Let us review the advantages and disadvantages of hashing. First, note that some estimate is needed in advance for the maximum number of entries to be stored in a hash table, since its size must be declared. This is important; too high an estimate wastes space, and too low an estimate means a large usage ratio and poorer performance. Second, the hash function must be carefully chosen so that it can be computed quickly and generates relatively few collisions.

The main characteristic of hashing is its excellent average search, insertion, and deletion time. However, when deletions are frequent, care is required in deciding which collision resolution policy to use. The major disadvantages of hashing are the possibility of large worst-case times and the lack of support for traversal through the records in sorted order. Also, the only information obtained from an unsuccessful search is that the record isn't in the table. In the data structure considered next, more information may be obtained.

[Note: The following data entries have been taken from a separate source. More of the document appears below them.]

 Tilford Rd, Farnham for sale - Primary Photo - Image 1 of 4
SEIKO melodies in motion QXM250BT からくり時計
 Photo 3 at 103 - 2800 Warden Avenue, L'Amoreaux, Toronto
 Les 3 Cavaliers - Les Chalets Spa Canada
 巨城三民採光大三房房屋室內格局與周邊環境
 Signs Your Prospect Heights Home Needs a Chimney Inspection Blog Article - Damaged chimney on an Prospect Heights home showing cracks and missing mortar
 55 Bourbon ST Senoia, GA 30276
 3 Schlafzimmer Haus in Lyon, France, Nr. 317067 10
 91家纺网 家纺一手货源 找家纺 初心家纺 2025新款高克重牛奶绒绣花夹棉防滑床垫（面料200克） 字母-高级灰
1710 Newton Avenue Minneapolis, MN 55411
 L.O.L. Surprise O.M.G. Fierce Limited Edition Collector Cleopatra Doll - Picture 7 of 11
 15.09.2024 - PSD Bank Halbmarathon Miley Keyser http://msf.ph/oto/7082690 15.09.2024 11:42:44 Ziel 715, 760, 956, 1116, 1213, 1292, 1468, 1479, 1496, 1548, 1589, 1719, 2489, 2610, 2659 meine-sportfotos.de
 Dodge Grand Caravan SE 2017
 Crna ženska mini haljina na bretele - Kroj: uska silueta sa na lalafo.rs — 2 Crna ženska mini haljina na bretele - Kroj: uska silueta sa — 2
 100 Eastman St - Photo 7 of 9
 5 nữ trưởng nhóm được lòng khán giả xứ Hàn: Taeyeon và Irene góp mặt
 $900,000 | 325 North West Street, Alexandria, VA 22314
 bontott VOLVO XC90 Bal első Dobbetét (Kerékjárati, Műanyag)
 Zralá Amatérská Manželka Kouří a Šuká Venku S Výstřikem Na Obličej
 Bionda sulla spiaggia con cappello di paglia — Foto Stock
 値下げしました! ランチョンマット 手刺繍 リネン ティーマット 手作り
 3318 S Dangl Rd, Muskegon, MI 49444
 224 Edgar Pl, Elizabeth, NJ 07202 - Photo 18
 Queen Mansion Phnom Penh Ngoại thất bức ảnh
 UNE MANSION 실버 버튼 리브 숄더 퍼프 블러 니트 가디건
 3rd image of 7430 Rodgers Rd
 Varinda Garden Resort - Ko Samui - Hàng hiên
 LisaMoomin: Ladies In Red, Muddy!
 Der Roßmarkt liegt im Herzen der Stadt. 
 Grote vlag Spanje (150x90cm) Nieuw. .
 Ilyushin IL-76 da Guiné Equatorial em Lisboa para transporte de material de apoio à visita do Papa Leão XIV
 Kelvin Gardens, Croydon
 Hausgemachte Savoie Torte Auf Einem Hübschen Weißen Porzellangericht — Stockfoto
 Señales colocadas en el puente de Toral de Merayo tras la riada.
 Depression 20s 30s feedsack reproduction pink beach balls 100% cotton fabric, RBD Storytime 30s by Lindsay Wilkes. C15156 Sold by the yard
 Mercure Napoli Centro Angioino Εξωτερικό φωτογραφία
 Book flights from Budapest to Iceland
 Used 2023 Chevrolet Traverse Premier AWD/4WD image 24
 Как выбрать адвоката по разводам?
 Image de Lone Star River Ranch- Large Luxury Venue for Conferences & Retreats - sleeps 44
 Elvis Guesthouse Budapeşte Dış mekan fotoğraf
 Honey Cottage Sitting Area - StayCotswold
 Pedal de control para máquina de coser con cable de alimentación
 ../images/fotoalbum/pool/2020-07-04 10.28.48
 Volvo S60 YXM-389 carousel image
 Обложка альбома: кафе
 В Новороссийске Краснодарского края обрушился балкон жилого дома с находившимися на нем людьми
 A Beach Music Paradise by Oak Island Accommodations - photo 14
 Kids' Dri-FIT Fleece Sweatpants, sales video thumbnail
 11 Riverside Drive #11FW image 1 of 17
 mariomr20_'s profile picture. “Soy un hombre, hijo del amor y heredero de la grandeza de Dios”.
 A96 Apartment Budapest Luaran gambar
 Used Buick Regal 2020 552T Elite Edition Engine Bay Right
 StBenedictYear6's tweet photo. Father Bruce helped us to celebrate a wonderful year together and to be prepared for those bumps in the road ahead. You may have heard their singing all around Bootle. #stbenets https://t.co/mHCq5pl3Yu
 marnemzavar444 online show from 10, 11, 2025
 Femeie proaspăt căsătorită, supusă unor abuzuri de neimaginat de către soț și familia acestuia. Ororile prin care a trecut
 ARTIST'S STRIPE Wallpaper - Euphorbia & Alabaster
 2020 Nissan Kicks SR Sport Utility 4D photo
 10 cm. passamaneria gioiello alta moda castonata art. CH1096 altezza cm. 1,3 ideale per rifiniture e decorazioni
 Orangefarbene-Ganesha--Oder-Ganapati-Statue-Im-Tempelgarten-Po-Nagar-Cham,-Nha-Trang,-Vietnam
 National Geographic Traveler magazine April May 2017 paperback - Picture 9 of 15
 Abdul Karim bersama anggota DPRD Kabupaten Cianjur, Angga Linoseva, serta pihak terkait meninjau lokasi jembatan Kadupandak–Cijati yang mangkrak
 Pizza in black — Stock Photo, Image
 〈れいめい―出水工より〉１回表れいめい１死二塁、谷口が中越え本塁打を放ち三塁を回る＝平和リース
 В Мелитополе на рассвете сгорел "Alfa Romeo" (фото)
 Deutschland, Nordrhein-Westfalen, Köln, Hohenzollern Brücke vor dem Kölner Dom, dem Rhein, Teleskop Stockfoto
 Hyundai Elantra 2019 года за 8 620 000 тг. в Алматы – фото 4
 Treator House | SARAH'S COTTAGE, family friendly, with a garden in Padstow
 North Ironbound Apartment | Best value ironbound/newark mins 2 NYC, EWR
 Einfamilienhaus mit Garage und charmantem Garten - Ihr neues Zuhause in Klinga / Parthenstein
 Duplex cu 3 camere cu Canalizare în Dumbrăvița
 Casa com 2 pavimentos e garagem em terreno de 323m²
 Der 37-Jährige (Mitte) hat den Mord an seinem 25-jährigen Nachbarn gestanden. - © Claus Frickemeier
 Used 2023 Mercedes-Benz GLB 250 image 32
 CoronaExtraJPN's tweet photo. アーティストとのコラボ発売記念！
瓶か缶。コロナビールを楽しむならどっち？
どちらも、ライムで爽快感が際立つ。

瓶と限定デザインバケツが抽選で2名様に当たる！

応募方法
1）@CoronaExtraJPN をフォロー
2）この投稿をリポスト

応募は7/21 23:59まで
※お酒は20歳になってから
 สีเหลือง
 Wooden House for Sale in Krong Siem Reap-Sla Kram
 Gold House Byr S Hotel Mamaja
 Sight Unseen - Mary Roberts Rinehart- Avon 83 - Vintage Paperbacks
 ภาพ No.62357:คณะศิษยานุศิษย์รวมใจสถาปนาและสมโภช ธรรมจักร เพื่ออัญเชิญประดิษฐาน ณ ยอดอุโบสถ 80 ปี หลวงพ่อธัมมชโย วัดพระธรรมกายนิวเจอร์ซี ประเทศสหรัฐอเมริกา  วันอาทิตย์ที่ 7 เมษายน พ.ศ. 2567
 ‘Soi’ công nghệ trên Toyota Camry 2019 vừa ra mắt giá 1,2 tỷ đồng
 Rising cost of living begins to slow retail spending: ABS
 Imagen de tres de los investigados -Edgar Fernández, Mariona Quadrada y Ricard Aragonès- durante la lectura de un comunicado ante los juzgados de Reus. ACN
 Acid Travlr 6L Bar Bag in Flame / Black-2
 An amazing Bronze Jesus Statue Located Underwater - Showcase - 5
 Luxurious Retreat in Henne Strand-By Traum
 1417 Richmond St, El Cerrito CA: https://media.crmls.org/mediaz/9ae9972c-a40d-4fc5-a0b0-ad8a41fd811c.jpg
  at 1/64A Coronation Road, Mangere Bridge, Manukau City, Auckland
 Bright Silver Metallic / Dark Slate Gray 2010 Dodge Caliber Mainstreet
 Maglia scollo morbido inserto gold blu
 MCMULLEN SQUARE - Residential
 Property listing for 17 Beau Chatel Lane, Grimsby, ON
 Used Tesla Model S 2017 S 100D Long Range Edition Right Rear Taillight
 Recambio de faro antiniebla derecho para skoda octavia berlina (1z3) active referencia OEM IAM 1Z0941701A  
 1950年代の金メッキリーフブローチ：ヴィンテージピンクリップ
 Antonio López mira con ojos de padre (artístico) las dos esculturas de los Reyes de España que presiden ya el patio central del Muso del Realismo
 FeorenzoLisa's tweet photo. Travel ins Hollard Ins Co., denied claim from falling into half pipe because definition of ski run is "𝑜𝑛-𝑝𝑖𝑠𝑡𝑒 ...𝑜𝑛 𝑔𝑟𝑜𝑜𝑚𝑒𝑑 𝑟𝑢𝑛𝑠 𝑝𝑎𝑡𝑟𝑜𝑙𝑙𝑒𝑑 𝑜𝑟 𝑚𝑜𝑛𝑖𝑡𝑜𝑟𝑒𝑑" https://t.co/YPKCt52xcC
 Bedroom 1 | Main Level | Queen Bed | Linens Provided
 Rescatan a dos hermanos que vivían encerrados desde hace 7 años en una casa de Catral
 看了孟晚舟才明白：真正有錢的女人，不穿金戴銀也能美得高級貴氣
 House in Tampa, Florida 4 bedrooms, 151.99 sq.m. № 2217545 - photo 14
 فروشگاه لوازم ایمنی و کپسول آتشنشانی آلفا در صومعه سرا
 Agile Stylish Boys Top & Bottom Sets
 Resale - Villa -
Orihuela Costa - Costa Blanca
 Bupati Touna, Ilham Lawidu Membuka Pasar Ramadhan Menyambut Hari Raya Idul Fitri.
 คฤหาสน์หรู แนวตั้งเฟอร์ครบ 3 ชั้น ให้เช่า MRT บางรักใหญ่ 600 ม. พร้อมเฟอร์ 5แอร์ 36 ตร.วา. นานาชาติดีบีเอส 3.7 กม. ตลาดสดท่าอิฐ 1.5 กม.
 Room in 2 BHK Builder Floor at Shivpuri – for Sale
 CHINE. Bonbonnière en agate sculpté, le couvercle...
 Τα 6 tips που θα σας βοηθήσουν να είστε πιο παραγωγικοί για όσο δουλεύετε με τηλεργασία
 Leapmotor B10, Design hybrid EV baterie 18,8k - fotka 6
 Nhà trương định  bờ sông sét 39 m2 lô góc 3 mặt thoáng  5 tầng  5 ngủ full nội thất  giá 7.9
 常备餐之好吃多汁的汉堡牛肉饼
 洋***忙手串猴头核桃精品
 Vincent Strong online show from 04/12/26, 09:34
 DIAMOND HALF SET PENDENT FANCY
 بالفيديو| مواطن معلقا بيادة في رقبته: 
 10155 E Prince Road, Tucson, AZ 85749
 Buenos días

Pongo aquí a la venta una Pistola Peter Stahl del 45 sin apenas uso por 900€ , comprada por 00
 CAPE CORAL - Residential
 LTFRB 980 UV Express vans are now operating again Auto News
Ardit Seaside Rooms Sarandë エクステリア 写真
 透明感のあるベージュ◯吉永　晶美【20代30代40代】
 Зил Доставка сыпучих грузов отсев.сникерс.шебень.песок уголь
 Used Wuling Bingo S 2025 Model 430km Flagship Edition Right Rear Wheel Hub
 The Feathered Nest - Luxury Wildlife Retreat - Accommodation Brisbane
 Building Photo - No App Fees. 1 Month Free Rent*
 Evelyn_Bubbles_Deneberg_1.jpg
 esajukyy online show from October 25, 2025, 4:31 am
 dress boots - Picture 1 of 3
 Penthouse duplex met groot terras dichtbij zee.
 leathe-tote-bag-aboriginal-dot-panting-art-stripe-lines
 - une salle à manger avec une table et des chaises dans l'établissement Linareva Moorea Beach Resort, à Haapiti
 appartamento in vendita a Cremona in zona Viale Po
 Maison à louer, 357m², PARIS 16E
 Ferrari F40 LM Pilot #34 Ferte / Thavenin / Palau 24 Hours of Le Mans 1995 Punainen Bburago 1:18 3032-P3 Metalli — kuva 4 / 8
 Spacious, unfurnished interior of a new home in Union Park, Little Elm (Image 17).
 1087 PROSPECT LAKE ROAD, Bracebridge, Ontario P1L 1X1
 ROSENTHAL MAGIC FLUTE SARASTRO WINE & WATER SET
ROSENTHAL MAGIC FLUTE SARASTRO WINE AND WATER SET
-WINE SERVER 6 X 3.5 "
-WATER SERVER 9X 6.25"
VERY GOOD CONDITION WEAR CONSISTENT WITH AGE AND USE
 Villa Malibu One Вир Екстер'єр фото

Choosing the appropriate hashing technique involves consideration of time and storage as well as the relative frequency with which successful searches, unsuccessful searches, and deletions will occur. However, some generalizations can be made.

Using open addressing to resolve collisions can be quite efficient for moderate usage ratios. Although the average times for successful searches depend on whether simple linear probing or more complex probing such as double hashing is used, the differences are small. These differences are more significant for unsuccessful searches, so more complex probing is desirable when they will occur frequently. Ordered hash tables can significantly reduce the search times in this case. For larger usage ratios the chaining methods have superior search times.

With open addressing, when deletions are frequent, the table can actually be storing relatively few entries, with many table positions simply marking deleted entries. Thus the table performance is governed by a usage ratio that does not reflect the actual, much smaller, number of positions used to store records. Separate chaining uses storage more efficiently in this case, and deletion is easy. Separate chaining also has better average time behavior than the other methods.

When records are small, the links required by chaining take significant extra storage compared to open addressing, whereas the opposite is true when records are large. When record size is moderate, the extra storage for links using separate chaining must be weighed against the reduced usage ratio that could be obtained if this storage were used in open addressing.